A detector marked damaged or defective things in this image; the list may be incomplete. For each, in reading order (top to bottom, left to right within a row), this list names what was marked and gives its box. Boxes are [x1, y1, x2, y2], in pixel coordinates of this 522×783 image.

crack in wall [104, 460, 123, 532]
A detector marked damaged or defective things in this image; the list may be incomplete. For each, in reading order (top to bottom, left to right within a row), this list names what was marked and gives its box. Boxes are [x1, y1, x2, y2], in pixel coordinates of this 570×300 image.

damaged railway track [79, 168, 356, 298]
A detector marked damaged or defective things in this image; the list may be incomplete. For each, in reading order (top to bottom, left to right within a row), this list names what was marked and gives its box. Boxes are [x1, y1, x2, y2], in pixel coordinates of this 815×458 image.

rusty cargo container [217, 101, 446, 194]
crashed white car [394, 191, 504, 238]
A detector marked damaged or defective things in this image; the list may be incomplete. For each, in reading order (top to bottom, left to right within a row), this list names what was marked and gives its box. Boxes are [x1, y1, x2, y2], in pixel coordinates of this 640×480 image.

◆ ◆ ◆ ◆ ◆ ◆ ◆

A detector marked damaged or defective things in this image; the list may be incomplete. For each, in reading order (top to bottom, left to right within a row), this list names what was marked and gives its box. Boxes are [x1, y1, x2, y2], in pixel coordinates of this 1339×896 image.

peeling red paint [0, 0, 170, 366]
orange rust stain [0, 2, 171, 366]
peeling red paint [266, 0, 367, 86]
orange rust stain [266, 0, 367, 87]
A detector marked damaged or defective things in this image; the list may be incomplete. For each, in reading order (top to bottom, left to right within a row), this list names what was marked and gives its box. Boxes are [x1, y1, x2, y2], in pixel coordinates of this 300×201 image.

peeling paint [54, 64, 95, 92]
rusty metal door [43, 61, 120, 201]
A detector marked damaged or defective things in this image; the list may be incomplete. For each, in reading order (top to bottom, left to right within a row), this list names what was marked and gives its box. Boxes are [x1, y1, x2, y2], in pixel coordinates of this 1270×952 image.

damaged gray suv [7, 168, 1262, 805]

◆ ◆ ◆ ◆ ◆ ◆ ◆

WHAT NEEDS TO BE DONE: Using the data above, print exactly the lines from the line that contains "this 815×458 image." through the line that contains "this 640×480 image.", with both included.

WRITTEN ANSWER:
A detector marked damaged or defective things in this image; the list may be incomplete. For each, in reading order (top to bottom, left to right within a row), this list names what was marked and gives its box. Boxes are [x1, y1, x2, y2], in pixel coordinates of this 815×458 image.

rusty cargo container [217, 101, 446, 194]
crashed white car [394, 191, 504, 238]
A detector marked damaged or defective things in this image; the list may be incomplete. For each, in reading order (top to bottom, left to right within a row), this list names what was marked and gives its box. Boxes are [x1, y1, x2, y2], in pixel coordinates of this 640×480 image.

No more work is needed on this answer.